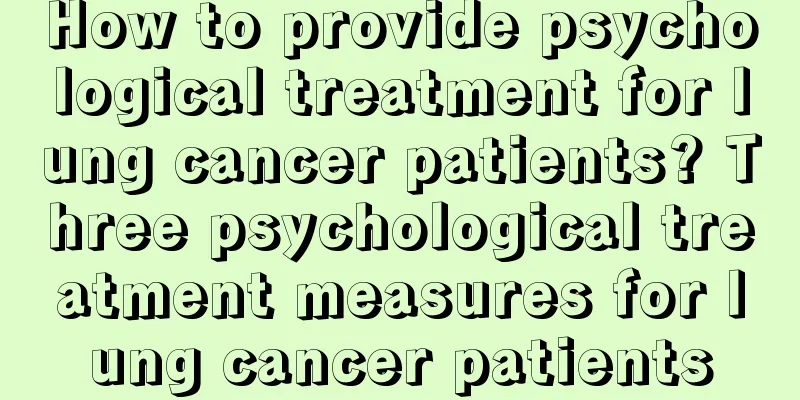 How to provide psychological treatment for lung cancer patients? Three psychological treatment measures for lung cancer patients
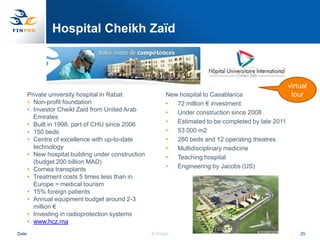 Hospital Cheikh Zaïd



                                                                                                      virtual
       Private university hospital in Rabat               New hospital to Casablanca                   tour
       • Non-profit foundation                            •  72 million € investment
       • Investor Cheikl Zaid from United Arab            •  Under construction since 2008
         Emirates
       • Built in 1998, part of CHU since 2006            •  Estimated to be completed by late 2011
       • 150 beds                                         •  53 000 m2
       • Centre of excellence with up-to-date             •  280 beds and 12 operating theatres
         technology                                       •  Multidisciplinary medicine
       • New hospital building under construction         •  Teaching hospital
         (budget 200 billion MAD)
       • Cornea transplants                               •  Engineering by Jacobs (US)
       • Treatment costs 5 times less than in
         Europe > medical tourism
       • 15% foreign patients
       • Annual equipment budget around 2-3
         million €
       • Investing in radioprotection systems
       • www.hcz.ma
Date                                                © Finpro                                              25
 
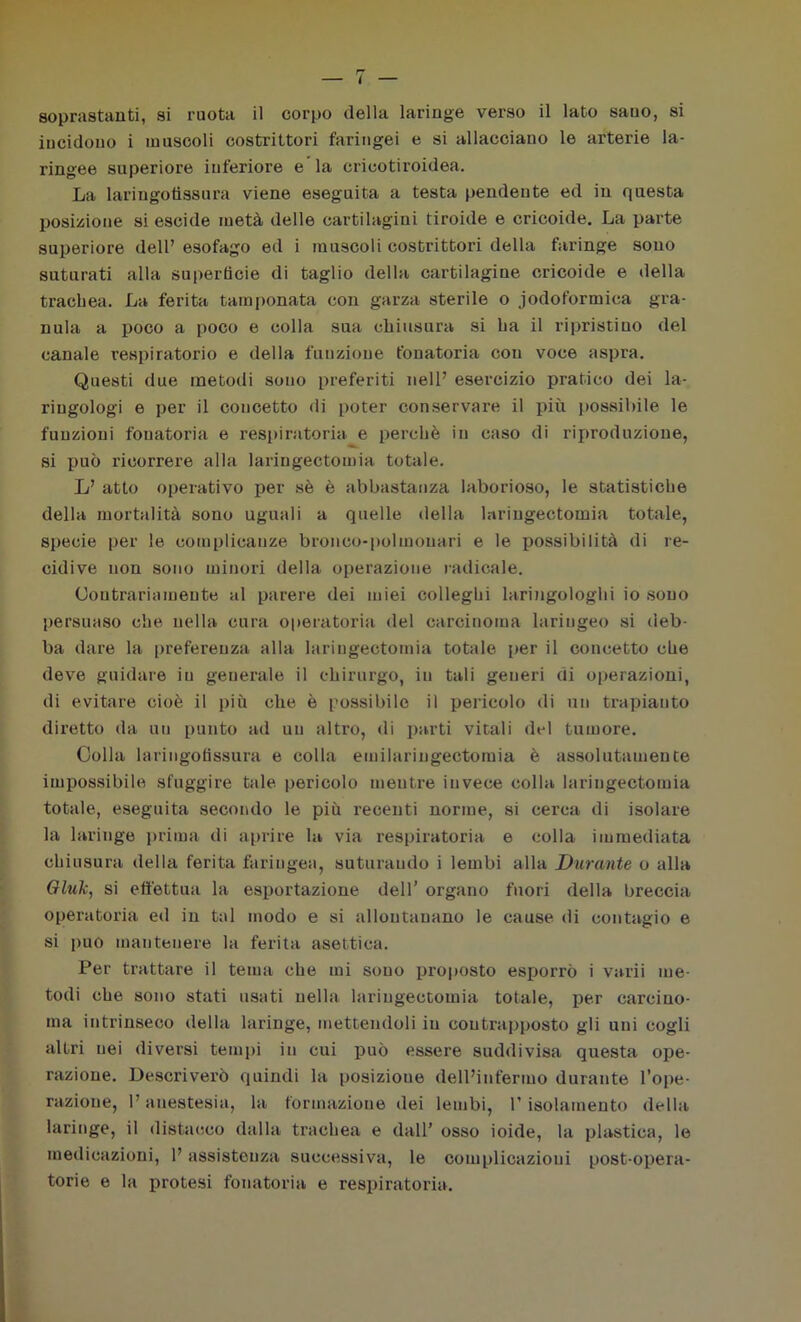 incidono i muscoli costrittori faringei e si allacciano le arterie la- ringee superiore inferiore e la cricotiroidea. La lariugotissura viene eseguita a testa pendente ed in questa posizione si escide metà delle cartilagini tiroide e cricoide. La parte superiore dell’ esofago ed i muscoli costrittori della faringe sono suturati alla superficie di taglio della cartilagine cricoide e della trachea. La ferita tamponata con garza sterile o jodoformica gra- nula a poco a poco e colla sua chiusura si ha il ripristino del canale respiratorio e della funzione fonatoria con voce aspra. Questi due metodi sono preferiti nell’ esercizio pratico dei la- ringologi e per il concetto di poter conservai^ il più possibile le funzioni fonatoria e respiratoria e perchè in caso di riproduzione, si può ricorrere alla laringectomia totale. L’ atto operativo per sè è abbastanza laborioso, le statistiche della mortalità sono uguali a quelle della laringectomia totale, specie per le complicanze bronco-polmonari e le possibilità di re- cidive non sono minori della operazione radicale. Contrariamente al parere dei miei colleghi laringologhi io sono persuaso che nella cura operatoria del carcinoma laringeo si deb- ba dare la preferenza alla laringectomia totale per il concetto che deve guidare in generale il chirurgo, in tali generi di operazioni, di evitare cioè il più che è possibile il pericolo di un trapianto dii’etto da un punto ad un altro, di parti vitali del tumore. Colla lariugotissura e colla emilaringectomia è assolutamente impossibile sfuggire tale pericolo mentre invece colla laringectomia totale, eseguita secondo le più recenti norme, si cerca di isolare la laringe prima di aprire la via respiratoria e colla immediata chiusura della ferita faringea, suturando i lembi alla Durante o alla Giuli, si effettua la esportazione dell’ organo fuori della breccia operatoria ed in tal modo e si allontanano le cause di contagio e si può mantenere la ferita asettica. Per trattare il tema che mi sono proposto esporrò i varii me- todi che sono stati usati nella laringectomia totale, per carcino- ma intrinseco della laringe, mettendoli iu contrapposto gli uni cogli altri nei diversi tempi in cui può essere suddivisa questa ope- razione. Descriverò quindi la posizione dell’infermo durante l’ope- razione, l’anestesia, la formazione dei lembi, 1’ isolamento della laringe, il distacco dalla trachea e dall’ osso ioide, la plastica, le medicazioni, 1’ assistenza successiva, le complicazioni post-opera- torie e la protesi fonatoria e respiratoria.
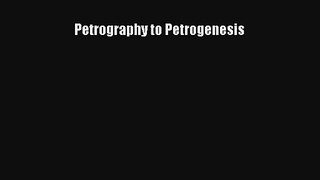 AudioBook Petrography to Petrogenesis Free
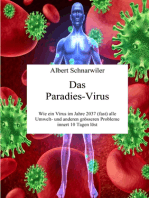 Das Paradies-Virus: Wie ein Virus im Jahre 2037 (fast) alle Umwelt- und anderen grösseren Probleme innert 10 Tagen löst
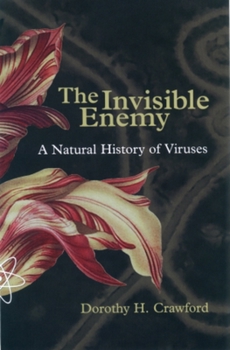 Paperback The Invisible Enemy: A Natural History of Viruses Book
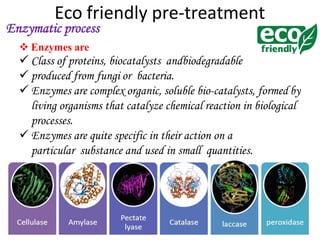 Eco friendly pre-treatment
 Enzymes are
 Class of proteins, biocatalysts andbiodegradable
 produced from fungi or bacteria.
 Enzymes are complex organic, soluble bio-catalysts, formed by
living organisms that catalyze chemical reaction in biological
processes.
 Enzymes are quite specific in their action on a
particular substance and used in small quantities.
Enzymatic process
========================
> ASSIGNED TASK: The lines above from the one containing "12 operating theatres" through the one containing "by Jacobs (US)" are to be set down exactly, and no others.

> SOLUTION TO THE EXERCISE:
       • Centre of excellence with up-to-date             •  280 beds and 12 operating theatres
         technology                                       •  Multidisciplinary medicine
       • New hospital building under construction         •  Teaching hospital
         (budget 200 billion MAD)
       • Cornea transplants                               •  Engineering by Jacobs (US)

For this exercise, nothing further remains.